* Action item *
For the entries below, repeat exactly each line starting with the one that contains "Nike Pink Marble Windbreaker" and going on through the one that contains "Rolex Yacht-Master 40", and no others.

--- Provided records Enclosed Below ---

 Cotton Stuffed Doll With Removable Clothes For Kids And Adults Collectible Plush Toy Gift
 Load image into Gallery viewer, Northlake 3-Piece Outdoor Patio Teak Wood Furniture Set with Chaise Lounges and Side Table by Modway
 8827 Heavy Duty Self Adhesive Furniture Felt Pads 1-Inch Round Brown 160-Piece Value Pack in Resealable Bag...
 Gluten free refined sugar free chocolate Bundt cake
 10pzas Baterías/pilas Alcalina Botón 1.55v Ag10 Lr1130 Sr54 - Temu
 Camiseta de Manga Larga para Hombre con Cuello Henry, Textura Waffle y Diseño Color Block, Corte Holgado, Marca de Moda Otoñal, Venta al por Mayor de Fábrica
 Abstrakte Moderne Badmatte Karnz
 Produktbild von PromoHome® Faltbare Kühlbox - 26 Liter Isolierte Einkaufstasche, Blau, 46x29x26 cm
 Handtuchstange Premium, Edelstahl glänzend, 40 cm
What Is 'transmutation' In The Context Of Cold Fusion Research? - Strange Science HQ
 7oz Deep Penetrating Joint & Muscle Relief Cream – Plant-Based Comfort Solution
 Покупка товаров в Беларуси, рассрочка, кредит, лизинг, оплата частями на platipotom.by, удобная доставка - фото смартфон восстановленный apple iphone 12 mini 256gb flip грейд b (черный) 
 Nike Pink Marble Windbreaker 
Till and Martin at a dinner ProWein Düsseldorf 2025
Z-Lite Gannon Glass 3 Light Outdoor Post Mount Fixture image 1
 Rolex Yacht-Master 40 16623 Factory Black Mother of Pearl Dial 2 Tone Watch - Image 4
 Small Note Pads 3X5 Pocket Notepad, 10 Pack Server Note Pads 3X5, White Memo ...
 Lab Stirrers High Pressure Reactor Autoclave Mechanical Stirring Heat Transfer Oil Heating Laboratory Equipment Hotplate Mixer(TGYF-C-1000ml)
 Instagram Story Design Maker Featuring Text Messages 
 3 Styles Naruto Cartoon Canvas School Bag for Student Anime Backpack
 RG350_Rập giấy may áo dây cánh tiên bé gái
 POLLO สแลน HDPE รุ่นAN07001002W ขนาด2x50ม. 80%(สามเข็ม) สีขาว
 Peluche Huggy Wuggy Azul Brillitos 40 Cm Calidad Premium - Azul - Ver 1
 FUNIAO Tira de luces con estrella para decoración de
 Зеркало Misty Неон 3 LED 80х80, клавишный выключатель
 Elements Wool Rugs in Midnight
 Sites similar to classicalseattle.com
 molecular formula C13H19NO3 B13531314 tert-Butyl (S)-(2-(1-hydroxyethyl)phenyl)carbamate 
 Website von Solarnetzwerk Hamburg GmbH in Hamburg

--- End of Enclosed Provided records ---

* Task output *
 Nike Pink Marble Windbreaker 
Till and Martin at a dinner ProWein Düsseldorf 2025
Z-Lite Gannon Glass 3 Light Outdoor Post Mount Fixture image 1
 Rolex Yacht-Master 40 16623 Factory Black Mother of Pearl Dial 2 Tone Watch - Image 4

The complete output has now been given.